I am trying to parse some .LIB files using pyparsing. I have a scenario where I have some string structures that follow a similar layout, however there are variants inside that can change the required grammar.
TL;DR of issue: I need to be able to bypass portions of a string to the next token that could Optionally not be there.
Here is a snippet of a LIB file.
PIN EXAMPLE WITH NO TIMING
pin (core_c_sysclk ) {
clock : true ;
direction : input ;
capacitance : 0.0040;
max_transition : 0.1000;
related_ground_pin : "vss" ;
related_power_pin : "vcc" ;
fanout_load : 1.0000;
min_pulse_width_low : 0.1853;
min_pulse_width_high : 0.1249;
} /* End of pin core_c_sysclk */
bus (core_tx_td ){
bus_type : bus2 ;
/* Start of pin core_tx_td[9] */
PIN EXAMPLE WITH TIMING
pin (core_tx_td[9] ) {
direction : output ;
capacitance : 0.0005;
max_transition : 0.1000;
related_ground_pin : "vss" ;
related_power_pin : "vcc" ;
max_fanout : 15.0000;
max_capacitance : 0.1000;
/* Start of rising_edge arc of pin core_tx_td[9] wrt pin core_tx_tclk */
timing() { <----WHAT I WANT (to know if this is in the pin)
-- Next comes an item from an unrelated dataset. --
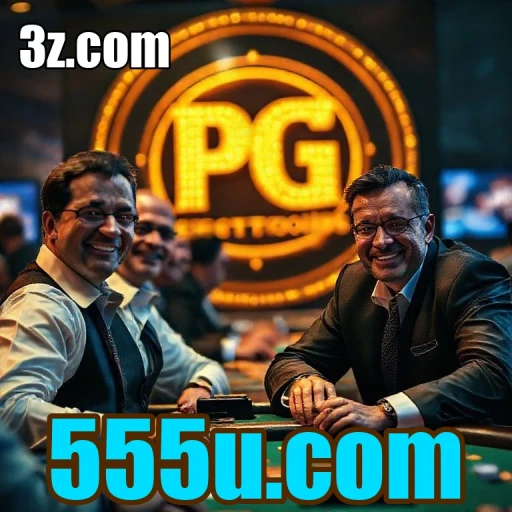 Jackpots Imperdíveis no 555u.com: Emoções em Cada Jogo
timing_type : rising_edge ;
timing_sense : non_unate ;
min_delay_arc : "true" ;
related_pin :" core_tx_tclk "; <----WHAT I WANT (core_tx_tclk in this case)
rise_transition (lut_timing_4 ){
values(\
REMOVED FOR CLARITY
);
}
fall_transition (lut_timing_4 ){
values(\
REMOVED FOR CLARITY
);
}
cell_rise (lut_timing_4 ){
values(\
REMOVED FOR CLARITY
);
}
cell_fall (lut_timing_4 ){
values(\
REMOVED FOR CLARITY
);
}
} /* End of rising_edge arc of pin core_tx_td[9] wrt pin core_tx_tclk */
.....More but not really needed for example
The main values of interests are the 'pin' name, clock type, direction, and IF the timing() exists, the related pin.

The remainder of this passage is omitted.